=== Task prompt ===
Everything from the first line of the material to the line containing "Casco bici Briko talla M", inclusive, must be given again exactly; no pictures, and nothing past that line.

=== Exercise inputs ===
════════
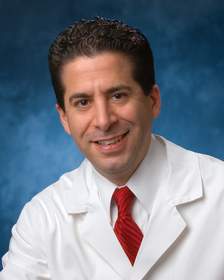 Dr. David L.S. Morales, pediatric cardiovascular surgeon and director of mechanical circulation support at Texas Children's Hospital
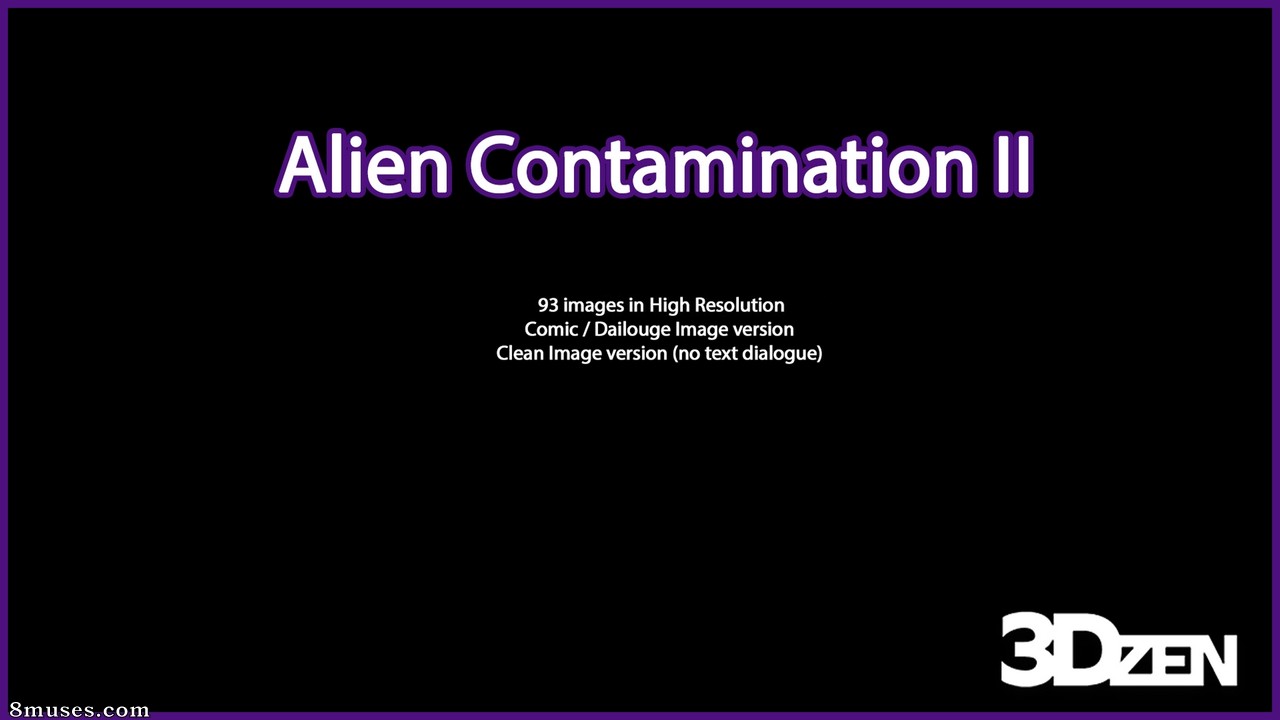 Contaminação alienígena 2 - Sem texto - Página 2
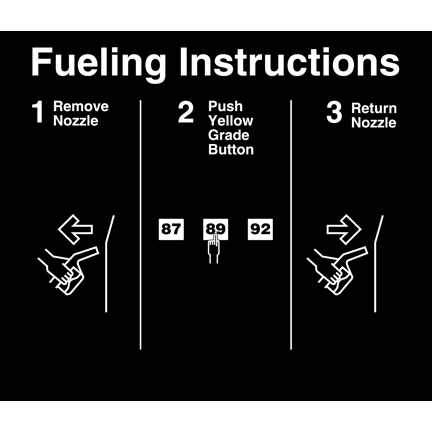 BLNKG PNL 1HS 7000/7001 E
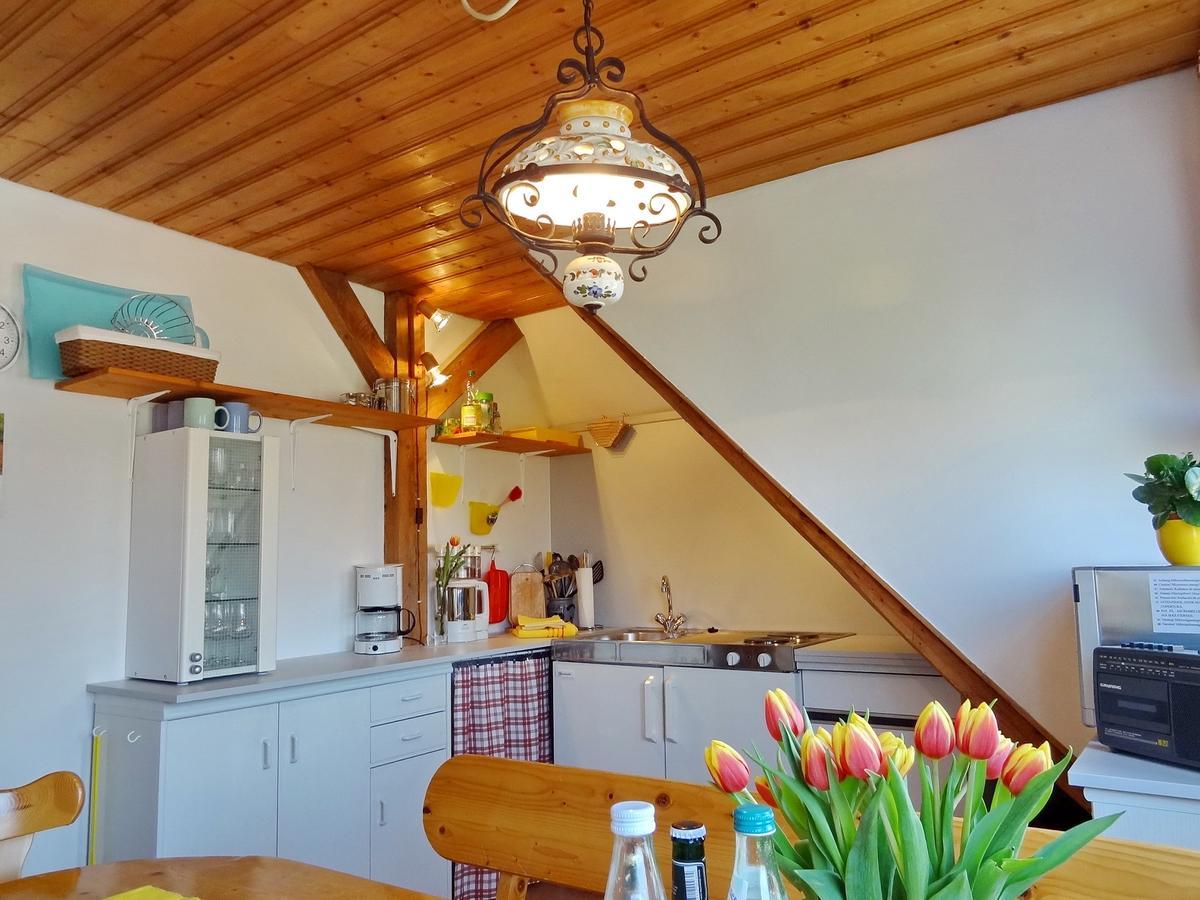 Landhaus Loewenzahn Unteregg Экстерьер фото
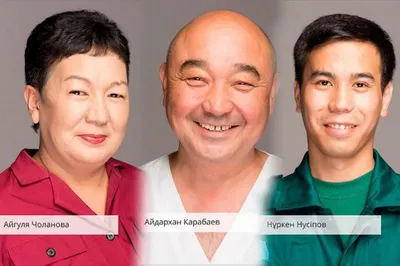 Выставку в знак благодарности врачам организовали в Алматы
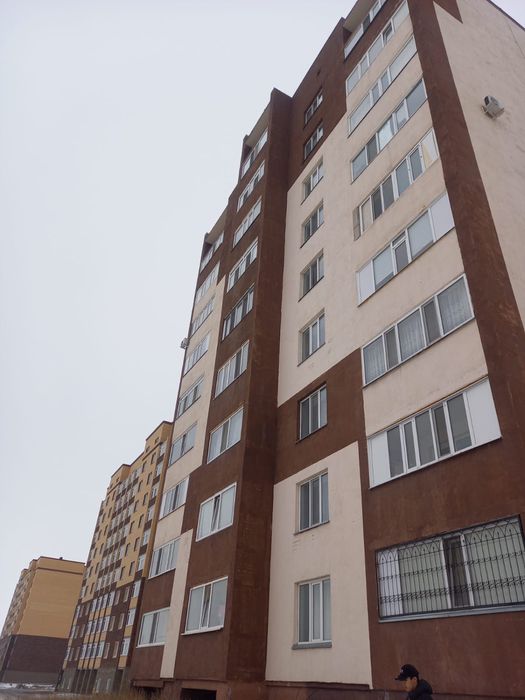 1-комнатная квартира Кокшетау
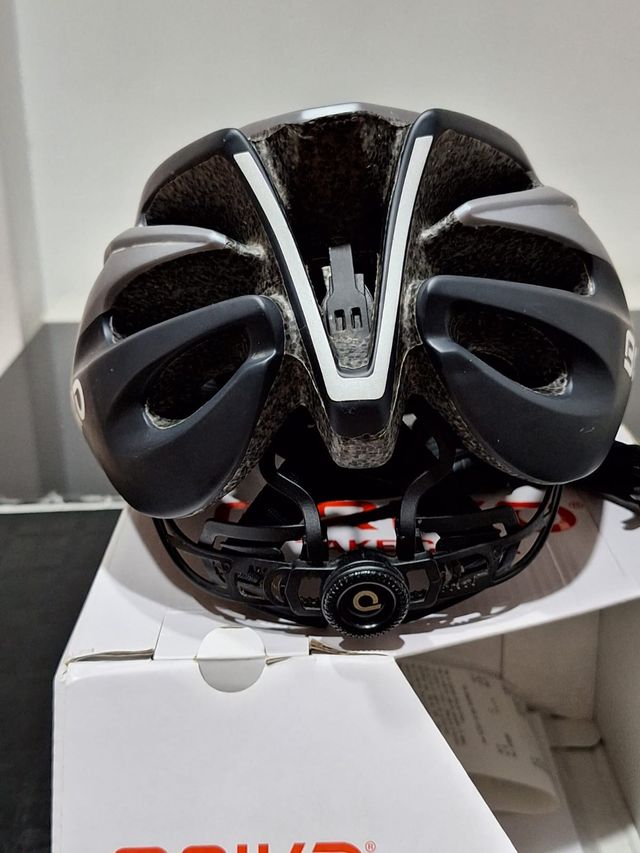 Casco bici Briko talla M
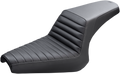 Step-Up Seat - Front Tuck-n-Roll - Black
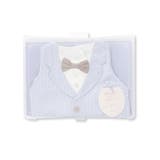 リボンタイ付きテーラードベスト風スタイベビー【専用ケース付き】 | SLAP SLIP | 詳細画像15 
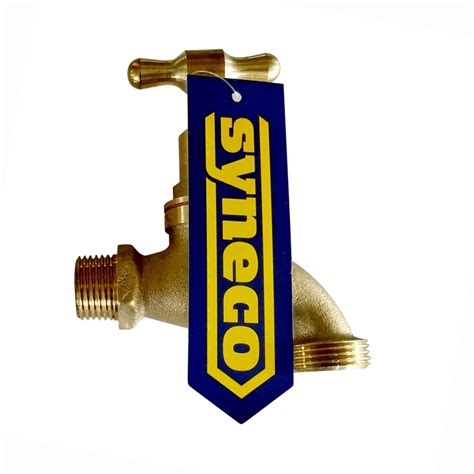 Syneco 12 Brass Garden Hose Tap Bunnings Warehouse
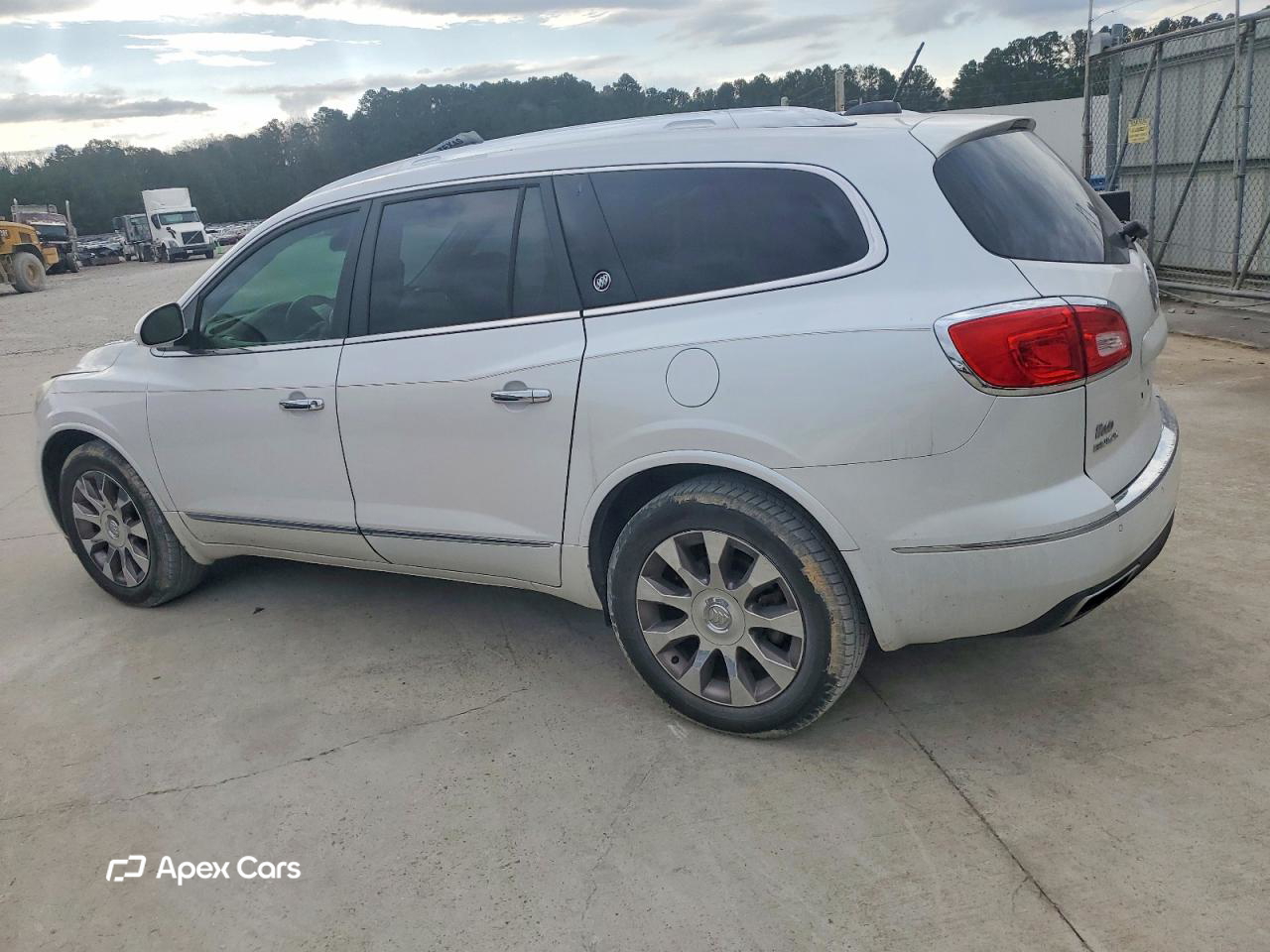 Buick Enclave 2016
════════
=== Exercise output ===
 Dr. David L.S. Morales, pediatric cardiovascular surgeon and director of mechanical circulation support at Texas Children's Hospital
 Contaminação alienígena 2 - Sem texto - Página 2
 BLNKG PNL 1HS 7000/7001 E
 Landhaus Loewenzahn Unteregg Экстерьер фото
 Выставку в знак благодарности врачам организовали в Алматы
 1-комнатная квартира Кокшетау
 Casco bici Briko talla M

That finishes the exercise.